I wasn’t sure where to ask this, so please feel free to direct me to a different community if there’s a good one for this question.
Are there any US banks that allow their clients programmatic access to their own data? As far as I’m aware, that’s not really a thing in the US, but I might be willing to switch banks if there are any that provide access.
Some banks support the open financial exchange (OFX) protocol for fetching information: https://en.m.wikipedia.org/wiki/Open_Financial_Exchange
This is a list of some of the banks that are known to support it and their connection information from GnuCash, but it might be out if date:
https://wiki.gnucash.org/wiki/Talk:Setting_up_OFXDirectConnect
My bank, bunq, allows that. I do remember people talking about using it as a US citizen. Might be worth looking into.
This looks really cool. Just spent a bunch of time looking into it and finally found this, though:
All personal plans are available in Austria, Belgium, Bulgaria, Croatia, Cyprus, Czech Republic, Denmark, Estonia, Finland, France, Germany, Greece, Hungary, Iceland, Ireland, Italy, Lichtenstein, Luxembourg, Malta, the Netherlands, Norway, Portugal, Romania, Slovakia, Slovenia, Spain, Sweden, Ukraine.
Doesn’t look like it’s available in the US.
Edit: Looks like they’re working on coming to the US, though! https://www.bunq.com/us
Signing up for updates. Thanks for the heads up!

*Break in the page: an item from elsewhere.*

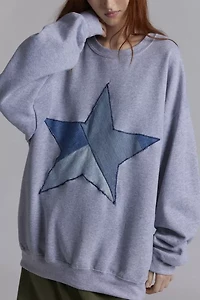 THE SERIES X ReMADE By UO Exclusive Star Patchwork Fleece Pullover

I, too, looked high and low for this. Switching credit unions every year or so when they’d stop offering access. I finally gave up and started using Plaid. They grab all transactions from all my various accounts for $2.16/mo and shove them into Moneydance. Not what you asked for, but it works.
I’m currently having my accounts send me alerts on as many transactions as possible and then programmatically reading them from my email. It works, basically, but it’s not perfect.
I’m hoping someone gives you a better answer, but in case no one does, here’s one potential path depending on how much work you’re willing to put into it.
For decades there has been a Personal Finance software package call Quicken. Even before online banking existed, Quicken offered a way for banks to export transaction and balance data for people to manage their finances. Rich online banking came along and largely negated this need for most folks, but the Quicken links and exports were already implemented in thousands of banks across the USA. Now, I imagine some have given up supporting Quicken exports, but a quick Google search shows there are Quicken users doing exports even today in 2023, so apparently its still a thing.
So to programmatic access:
I don’t know of any banks that have a straight up REST API you can hit, but with Quicken the linkage is there for exports you’d just have to wrap your own controls around it. Here’s one conversation about some advance end users (not programmers) doing basic automation. In one search I saw some references to some python packages, so maybe that’s path less kludgy.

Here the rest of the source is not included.